# Factory Ammo for Hunting Rifle



## TxHunter1214 (Nov 21, 2014)

I previously started a thread about the new Remington Sendero SF II rifle that I bought in a 7MM and asked for opinions on what to do to accurize the rifle. My question here is, what factory ammo are you guys using that has given you the best results? I do not hand load so I will be using factory loads. I have always used Federal Premium in my other rifles so obviously that is an option, but I am also looking at HSM 168 gr. with berger bullets, has anyone used this ammo before? I know every rifle is different, every rifle is going to like different grain ammo, and I know I will have to more than likely shoot both to see which one my gun likes better, but I am curious to what you all gone through and decided on. I would like to hear from everyone, especially other sender owners. Look forward to hearing what you guys have to say.


----------



## artys_only (Mar 29, 2005)

HMS is good 
also look at Nosler custom loads .


----------



## Jungle_Jim (Nov 16, 2007)

Look up Superior Ammuniton. They are out of sturgis S.D. They will make a custom load for your gun. When you need a box you just call and order it.
They can make some one hole stuff and have a huge variety of bullets to choose from.


----------



## Sgrem (Oct 5, 2005)

I am not a fan of the Bergers for hunting.

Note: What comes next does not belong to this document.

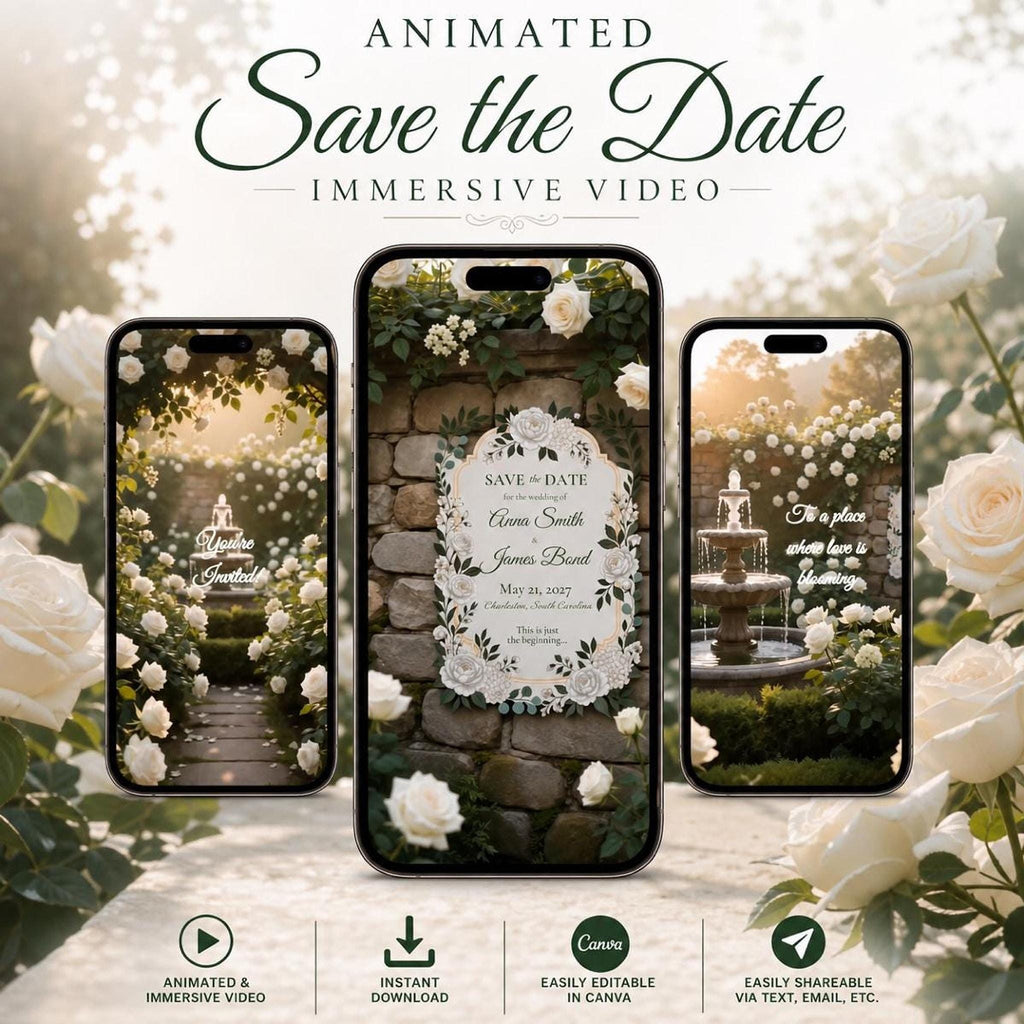 Cinematic White Garden Save the Date, Editable Canva Template for Luxury Floral Weddings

Mine 7mm Remington model 700 and my Tikka T3 .270 like the Hornady superformance SST for target (cheaper to shoot) and then the matching grain Interbond for hunting. Hard to improve on that. And with the bullet weight and shape being exactly the same they will fly the same. Interbond is an incredible hunting bullet. SST are cheaper to shoot but not as good as interbond for hunting animals. (they will do the job just not the kind of performance in a hunting bullet that i desire).

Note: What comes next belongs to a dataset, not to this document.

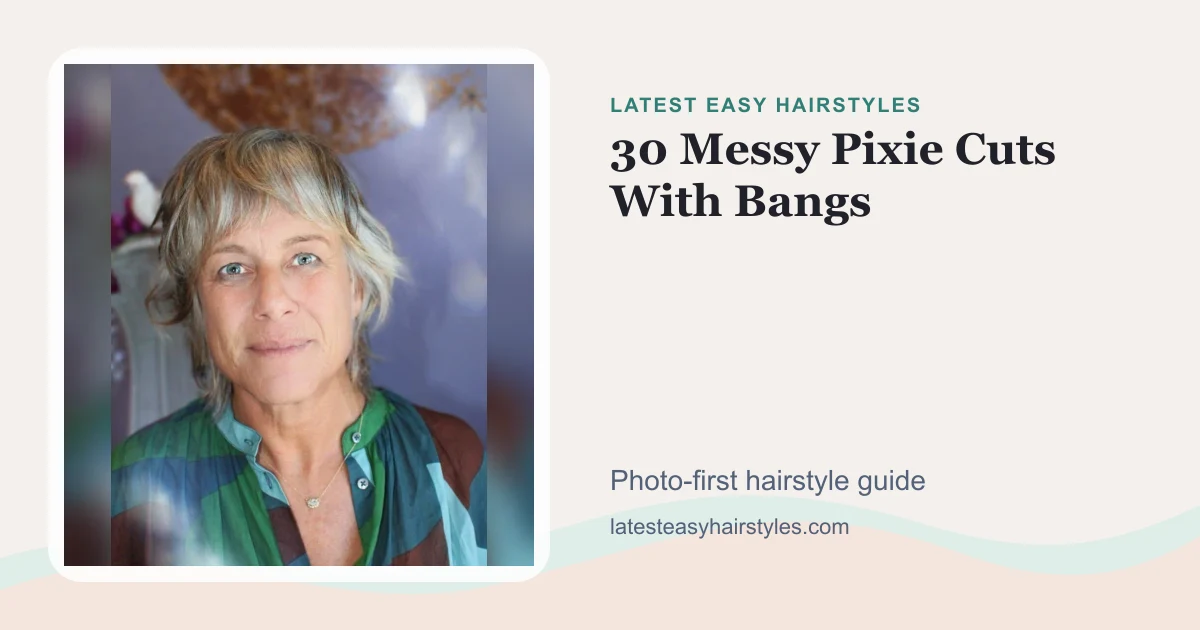 30 Messy Pixie Cuts With Bangs social preview with a real hairstyle photo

I took my 7 mag to africa and shot 175 grain nosler partitions. Best bullet for that kind of game. so find some your gun will shoot well and match bullet performance to what you are after. I shoot everything from 130 grain to 175 grain....depending on the quarry.

As i said in your other thread. Get a load that your gun will shoot a nice minute of deer group. Those Nosler Partitions are not the most accurate load in that gun. But they are the best choice for African plains game. Shot a zebra at 450 yards and a baboon on a full run at 505 yards with it. I doubt those animals cared about the MOA accuracy for that load.


----------



## Charles Helm (Oct 22, 2004)

Superior has been sold and the new guys are in South Carolina. Visited with them for a while at the Dallas Safari Club show. I think they would do you right.

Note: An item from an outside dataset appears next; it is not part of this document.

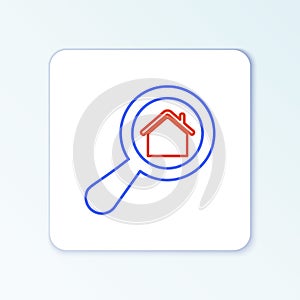 Line Search house icon isolated on white background. Real estate symbol of a house under magnifying glass. Colorful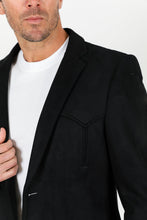 Load image into Gallery viewer, Men's Double Button Faux-Suede Blazer - Black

http://www.superiorammo.com/

For factory ammo I generally like Federal Premium but have used some of the Nosler ammo as well.


----------



## Too Tall (May 21, 2004)

Its hard to go wrong with Remington in the green and yellow box. I'm not going to pay double the price because it says Nugent or Hog on the side of the box.


----------



## Pocketfisherman (May 30, 2005)

Winchester 150grn Ballistic Silvertips are 3/4 MOA in my Tikka 30-06.


----------



## wet dreams (May 21, 2004)

Too Tall said:


> Its hard to go wrong with Remington in the green and yellow box. I'm not going to pay double the price because it says Nugent or Hog on the side of the box.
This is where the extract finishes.